2016年5月23日月曜日

「アルバルゴンサレスの地」⑥

ロマンセ「アルバルゴンサレスの地」は、実際の出来事にインスピレーションを得て作られました。芸術性の高い創造の産物ですが、ロマンセの特徴である写実性やルポルタージュ的性格も備えています。

ヴィヌエサから遠くないところにあることになっているアルバルゴンサレスという場所は見あたりませんが、イアン・ギブソンによれば「地名を創作するうえで、ソリアとブルゴスの県境に位置するヴィジャルヴァロの村名が影響している可能性がある」 といわれます。

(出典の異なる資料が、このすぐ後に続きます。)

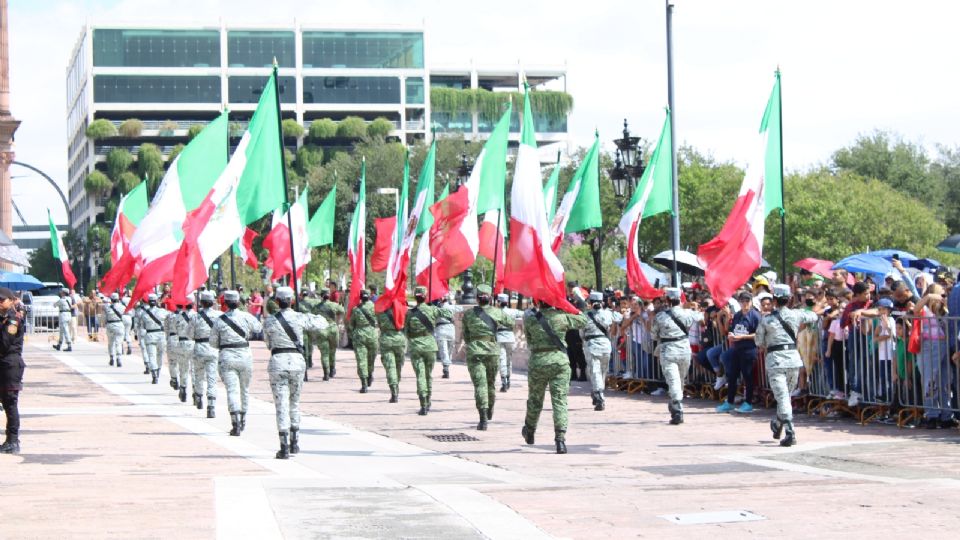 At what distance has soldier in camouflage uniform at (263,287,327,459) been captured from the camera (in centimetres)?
1520

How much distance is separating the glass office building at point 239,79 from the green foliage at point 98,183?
235cm

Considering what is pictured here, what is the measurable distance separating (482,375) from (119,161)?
357 ft

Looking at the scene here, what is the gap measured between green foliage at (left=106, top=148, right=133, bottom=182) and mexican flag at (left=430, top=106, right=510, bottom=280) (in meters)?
102

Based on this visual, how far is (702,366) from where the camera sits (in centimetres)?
2209

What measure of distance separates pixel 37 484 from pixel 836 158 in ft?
220

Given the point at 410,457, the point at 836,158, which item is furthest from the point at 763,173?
the point at 836,158

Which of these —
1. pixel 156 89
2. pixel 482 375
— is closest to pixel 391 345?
pixel 482 375

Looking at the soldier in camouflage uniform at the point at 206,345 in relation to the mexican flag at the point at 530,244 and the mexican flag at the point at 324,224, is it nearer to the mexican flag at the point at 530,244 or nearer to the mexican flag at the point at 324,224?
the mexican flag at the point at 530,244

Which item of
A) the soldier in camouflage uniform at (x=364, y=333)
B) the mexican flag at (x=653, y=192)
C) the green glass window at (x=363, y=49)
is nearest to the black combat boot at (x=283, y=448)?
the mexican flag at (x=653, y=192)

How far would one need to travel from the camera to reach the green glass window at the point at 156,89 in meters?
126

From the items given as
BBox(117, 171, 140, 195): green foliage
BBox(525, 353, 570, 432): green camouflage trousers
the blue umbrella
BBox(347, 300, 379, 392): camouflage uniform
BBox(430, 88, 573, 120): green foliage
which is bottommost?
BBox(525, 353, 570, 432): green camouflage trousers

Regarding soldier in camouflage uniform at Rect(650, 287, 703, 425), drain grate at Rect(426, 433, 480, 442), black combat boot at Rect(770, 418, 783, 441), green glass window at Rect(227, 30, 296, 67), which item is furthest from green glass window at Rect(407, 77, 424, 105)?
black combat boot at Rect(770, 418, 783, 441)

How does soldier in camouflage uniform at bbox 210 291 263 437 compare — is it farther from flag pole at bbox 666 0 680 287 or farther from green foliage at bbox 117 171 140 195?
green foliage at bbox 117 171 140 195

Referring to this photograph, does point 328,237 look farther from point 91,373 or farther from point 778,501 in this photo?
point 778,501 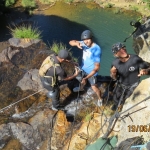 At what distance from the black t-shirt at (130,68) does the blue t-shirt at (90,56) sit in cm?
56

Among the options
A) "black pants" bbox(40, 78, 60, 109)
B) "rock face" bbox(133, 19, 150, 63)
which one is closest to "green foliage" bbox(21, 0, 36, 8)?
"rock face" bbox(133, 19, 150, 63)

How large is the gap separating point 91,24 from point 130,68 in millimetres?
9672

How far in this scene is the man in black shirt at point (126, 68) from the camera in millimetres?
4445

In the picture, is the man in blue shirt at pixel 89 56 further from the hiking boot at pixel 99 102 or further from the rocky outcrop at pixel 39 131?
the rocky outcrop at pixel 39 131

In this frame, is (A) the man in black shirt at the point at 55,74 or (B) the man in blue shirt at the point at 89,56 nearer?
(A) the man in black shirt at the point at 55,74

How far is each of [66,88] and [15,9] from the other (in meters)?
10.8

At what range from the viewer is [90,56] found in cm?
537

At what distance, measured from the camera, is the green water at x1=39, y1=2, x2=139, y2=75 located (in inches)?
489

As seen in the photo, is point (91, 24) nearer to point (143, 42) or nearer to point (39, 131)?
point (143, 42)

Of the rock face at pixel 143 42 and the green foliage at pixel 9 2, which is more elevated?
the rock face at pixel 143 42

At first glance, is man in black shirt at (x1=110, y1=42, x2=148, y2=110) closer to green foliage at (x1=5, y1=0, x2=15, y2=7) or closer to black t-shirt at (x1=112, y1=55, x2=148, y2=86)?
black t-shirt at (x1=112, y1=55, x2=148, y2=86)

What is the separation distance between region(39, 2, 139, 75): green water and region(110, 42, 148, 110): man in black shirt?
5805 millimetres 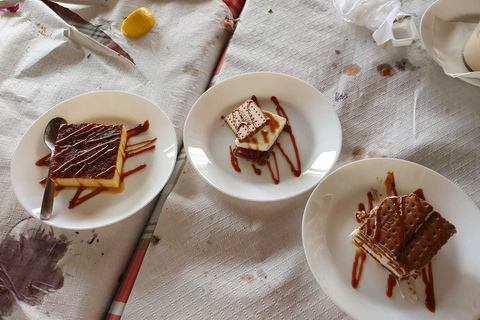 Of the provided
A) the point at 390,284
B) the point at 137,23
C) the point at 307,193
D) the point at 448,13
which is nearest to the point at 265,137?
the point at 307,193

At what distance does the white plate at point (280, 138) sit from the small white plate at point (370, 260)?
83mm

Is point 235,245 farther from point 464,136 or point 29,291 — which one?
point 464,136

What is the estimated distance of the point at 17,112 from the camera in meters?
1.31

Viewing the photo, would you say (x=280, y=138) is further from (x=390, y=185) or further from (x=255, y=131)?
(x=390, y=185)

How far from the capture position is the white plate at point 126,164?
1.02 metres

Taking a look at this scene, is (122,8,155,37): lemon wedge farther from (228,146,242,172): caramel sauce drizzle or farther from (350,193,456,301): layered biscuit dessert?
(350,193,456,301): layered biscuit dessert

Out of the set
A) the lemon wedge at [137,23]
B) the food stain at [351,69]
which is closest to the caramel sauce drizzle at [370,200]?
the food stain at [351,69]

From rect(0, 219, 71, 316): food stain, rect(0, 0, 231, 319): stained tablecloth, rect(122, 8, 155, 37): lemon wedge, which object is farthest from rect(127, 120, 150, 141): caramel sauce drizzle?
rect(122, 8, 155, 37): lemon wedge

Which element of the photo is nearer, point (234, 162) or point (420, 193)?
point (420, 193)

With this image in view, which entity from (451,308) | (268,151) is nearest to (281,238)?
(268,151)

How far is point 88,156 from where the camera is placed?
1.08 m

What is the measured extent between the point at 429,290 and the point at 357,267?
0.17 metres

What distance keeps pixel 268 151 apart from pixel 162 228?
409 mm

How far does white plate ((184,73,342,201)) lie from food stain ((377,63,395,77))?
0.32m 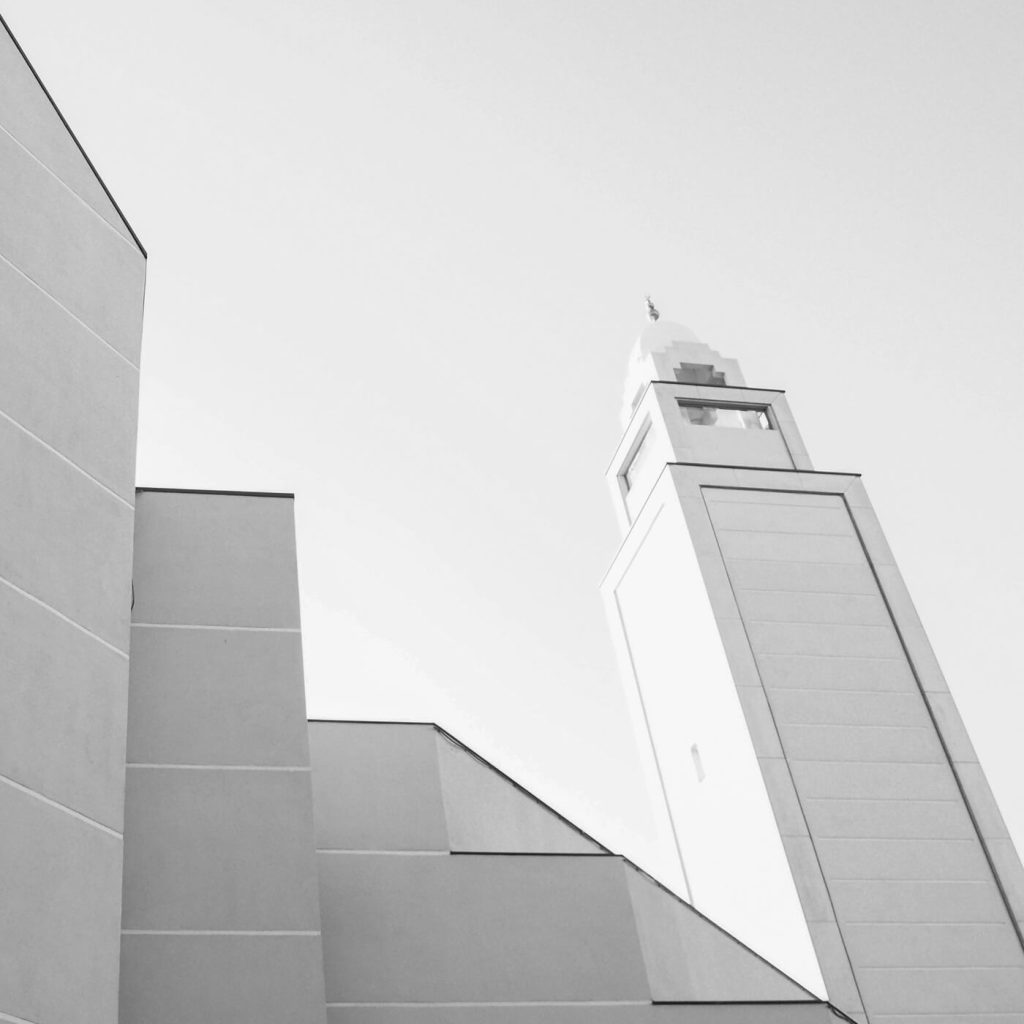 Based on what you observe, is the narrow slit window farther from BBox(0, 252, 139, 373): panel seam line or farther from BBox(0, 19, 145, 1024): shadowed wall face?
BBox(0, 252, 139, 373): panel seam line

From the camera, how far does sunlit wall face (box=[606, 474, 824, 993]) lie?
14.4 metres

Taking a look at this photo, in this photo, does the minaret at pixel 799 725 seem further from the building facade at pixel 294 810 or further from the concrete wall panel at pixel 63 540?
the concrete wall panel at pixel 63 540

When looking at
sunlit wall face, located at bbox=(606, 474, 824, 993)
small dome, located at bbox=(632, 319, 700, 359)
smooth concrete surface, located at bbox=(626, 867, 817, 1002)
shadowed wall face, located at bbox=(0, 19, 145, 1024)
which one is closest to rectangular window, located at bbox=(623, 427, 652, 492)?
sunlit wall face, located at bbox=(606, 474, 824, 993)

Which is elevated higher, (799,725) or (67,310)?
(67,310)

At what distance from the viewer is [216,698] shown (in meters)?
7.78

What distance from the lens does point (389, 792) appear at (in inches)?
376

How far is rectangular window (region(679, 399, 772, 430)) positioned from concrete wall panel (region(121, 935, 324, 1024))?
52.1 feet

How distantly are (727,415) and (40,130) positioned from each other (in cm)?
1570

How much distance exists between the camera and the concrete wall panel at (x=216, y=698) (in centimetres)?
750

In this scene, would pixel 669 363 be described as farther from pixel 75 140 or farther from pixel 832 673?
pixel 75 140

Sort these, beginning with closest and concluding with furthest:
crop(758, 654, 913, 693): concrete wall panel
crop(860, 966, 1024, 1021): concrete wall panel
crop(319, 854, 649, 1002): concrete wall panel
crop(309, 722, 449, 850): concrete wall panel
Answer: crop(319, 854, 649, 1002): concrete wall panel < crop(309, 722, 449, 850): concrete wall panel < crop(860, 966, 1024, 1021): concrete wall panel < crop(758, 654, 913, 693): concrete wall panel

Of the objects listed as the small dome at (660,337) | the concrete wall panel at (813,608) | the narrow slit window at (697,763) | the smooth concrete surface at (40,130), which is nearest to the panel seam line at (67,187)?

父親が投げ込まれ、2人の兄弟が自殺を遂げる作品の舞台「黒い沼(laguna Negra)」=写真=は、実際にウルヴィオン山麓の標高1.753m に存在します。ただし、底なし沼というのは伝説で、実際の深さはせいぜい10m程度のようです。


イアン・ギブソンによれば、マチャードがソリアにやってきた1907年春から、この付近では森林火災がひっきりなしに起こり、近くの町村で殺人や凶暴な犯罪も続きました。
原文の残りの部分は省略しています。